On le comprend dès les premières pages. Mitch sort de cinq ans de prison. Mais qu’a donc pu faire ce libraire solitaire et passionné de littérature ? On a bien du mal à voir en ce jeune homme un criminel. Son délit ? Avoir vendu des livres interdits. La loi HB 1467 sévit dans une France devenue autoritaire et populiste, un état qui maudit toutes formes d’écrits scandaleux, entendez immoraux. Dorénavant, certains sujets sont jugés illicites : la culture LGBT, les questions de race, les violences policières ou les scènes de sexe, autant dire la plupart des ouvrages, ne pourront plus être lus, ni achetés sous menace de représailles.
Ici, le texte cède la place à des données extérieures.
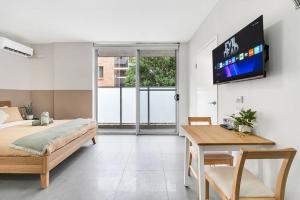 a bedroom with a bed and a tv on a wall at 4B Relaxing Abnb Studio With Balcony, Near Marketplace And Train in Bankstown +26 photos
Ce monde dans lequel nous entraîne Marc Levy paraît insensé, irréel, et pourtant… aujourd’hui, dans certains états d’Amérique, alerte le romancier à la fin de l’ouvrage, des titres d’auteurs aussi prestigieux que ceux de Toni Morrison, prix Nobel de littérature, de John Steinbeck et son célébrissime Des souris et des hommes, Le Journal culte d’Anne Frank, sont peu à peu retirés des bibliothèques. Feraient-ils peur aux politiques ? Ont-ils compris que de simples mots peuvent changer les destins ? Bousculer, ouvrir les esprits ?
Mitch a soif de vengeance, revenu de ces années de cauchemar, il est décidé à faire payer ceux qui ont contribué à son arrestation. Mais au même moment, il rencontre une femme comme il n’en a jamais connue. Anna est méfiante, sauvage, déterminée et elle détient un lourd secret.
C’est tout l’art de Marc Levy de savoir mêler les genres. D’abord dramatique, La Librairie des livres interdits se fait comédie romantique policière, politique. Les deux héros, anéantis puis survivants, deviennent des amoureux… combattants. Ensemble, ils découvriront les magouilles des puissants, les jalousies et les brutalités, ces ravages qui mènent parfois l’être humain à détruire ce qu’il a aimé.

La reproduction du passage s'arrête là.